The other thing I find odd is that several departmental FOI officers have another job. Would you believe that they are also ministerial liaison officers, or are situated within the minister's office? This provision will ensure that that cannot be the case. Clearly, there is a conflict of interest. How can you perform your duties to the letter of the law on freedom of information if you also have a job as a ministerial liaison officer, advising and liaising with the minister? It is a clear conflict for those people.
Those people may be well trained and competent as FOI officers, but they should either cease performing that function, or perform that function alone outside working for the minister. Herein lies one of the shades of grey when staff, for instance, are seconded to a minister's office from a department. This interference provision will ensure that, when it comes to accredited FOI officers, a departmental officer cannot be situated within a minister's office. We need a strong and independent Public Service, not one where FOI functions are tampered with for the expediency of the government of the day.
The third reform is proposed new section 49C, which requires applications to be kept completely confidential. There is no need to tip off anyone, be it a minister, their staff or the media. A government should know what information it holds and should be doing its job. This provision empowers applicants to have greater control over how their application is handled and who takes an interest in what they are seeking.
I will be looking to the opposition to support this bill. I ask my crossbench colleagues to have a good look at this, because it is particularly important for those of us who are in watchdog positions on the cross benches. We will never be in government, but we have a significant and important role to play as watchdog MPs. One of the ways that we can do that is with FOIs. One does not get a lot of information in this council and, certainly, one does not get it in a hurry. FOIs are very important for good democracy.

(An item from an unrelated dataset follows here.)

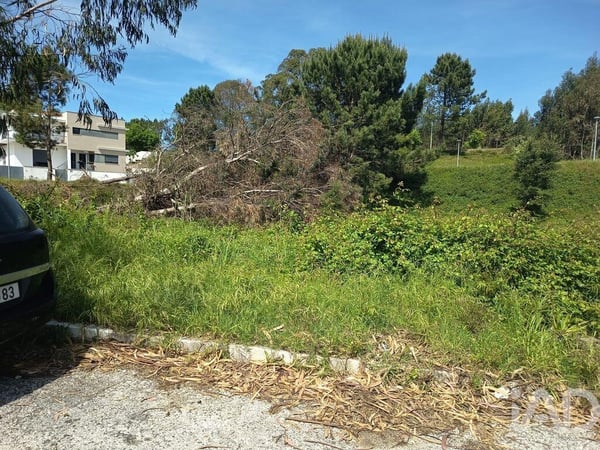 Land in Rio Maior - view 1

I note that today the Leader of the Opposition in this council expressed concerns over exactly what I say is happening to me and, I am sure, to other colleagues. I will be very disappointed at the very least if the opposition does not support this bill, because it specifically covers the first question asked in this council today by the Hon. Mr Ridgway.
I conclude by paying a brief tribute to FOI officers. Theirs is actually a thankless job, and I have great respect for all of them. I have found them to be constructive, polite, friendly and understanding in the various freedom of information applications that I have made. Together with my staff, I have at times found when working with them that their job is incredibly difficult. They are compromised because of those guidelines, which are only that: guidelines set up by this government. The guidelines have never before been designed for FOI officers, as I understand it. These guidelines have been set up just to try to circumvent the legislation passed by the parliament. My bill is intended to offer FOI officers the protection they deserve so that they can do their job without fear or favour to the government of the day. I urge members to support the bill.
Debate adjourned on motion of Hon. I.K. Hunter.